_Work required_:
Every line in the listing below from the one with "Téléchargez les photos" through the one with "Herec Manuel Masalva" is to be reproduced exactly, both ends included; leave out the rest.

### Materials provided ###

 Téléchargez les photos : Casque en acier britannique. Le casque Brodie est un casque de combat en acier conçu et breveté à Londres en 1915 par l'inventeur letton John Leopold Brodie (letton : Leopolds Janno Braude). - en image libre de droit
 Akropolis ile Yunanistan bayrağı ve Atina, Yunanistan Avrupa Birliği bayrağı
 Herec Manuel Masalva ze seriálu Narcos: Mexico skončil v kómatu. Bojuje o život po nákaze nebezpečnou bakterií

###
### Materials provided ###

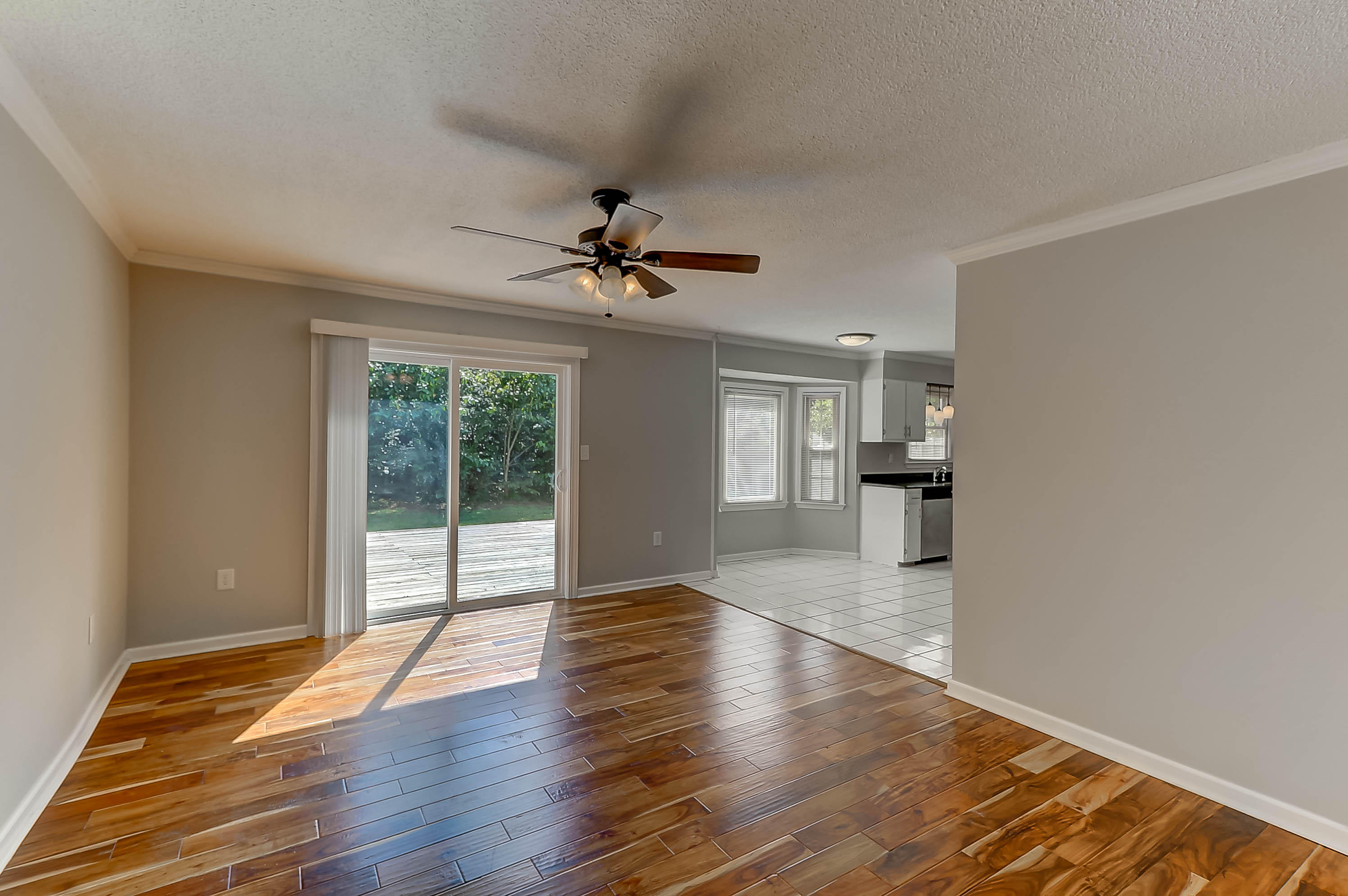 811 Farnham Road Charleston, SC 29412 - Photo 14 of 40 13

###

_Solved exercise_:
 Téléchargez les photos : Casque en acier britannique. Le casque Brodie est un casque de combat en acier conçu et breveté à Londres en 1915 par l'inventeur letton John Leopold Brodie (letton : Leopolds Janno Braude). - en image libre de droit
 Akropolis ile Yunanistan bayrağı ve Atina, Yunanistan Avrupa Birliği bayrağı
 Herec Manuel Masalva ze seriálu Narcos: Mexico skončil v kómatu. Bojuje o život po nákaze nebezpečnou bakterií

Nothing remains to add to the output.